HOW TO COMPLETE THIS TASK:
Return exactly the lines from the one containing "Photo 57 Peugeot" through the end of the material below, and leave the images out.

Start of AVAILABLE DATA

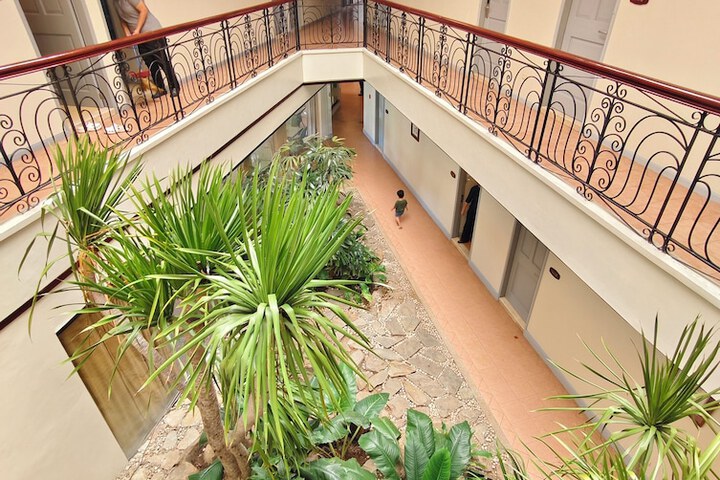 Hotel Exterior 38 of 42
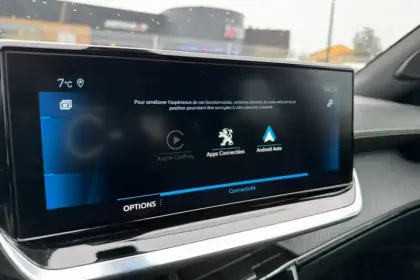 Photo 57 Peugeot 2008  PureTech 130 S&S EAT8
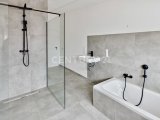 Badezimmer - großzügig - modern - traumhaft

End of AVAILABLE DATA

RESPONSE FOR THIS EXERCISE:
 Photo 57 Peugeot 2008  PureTech 130 S&S EAT8
 Badezimmer - großzügig - modern - traumhaft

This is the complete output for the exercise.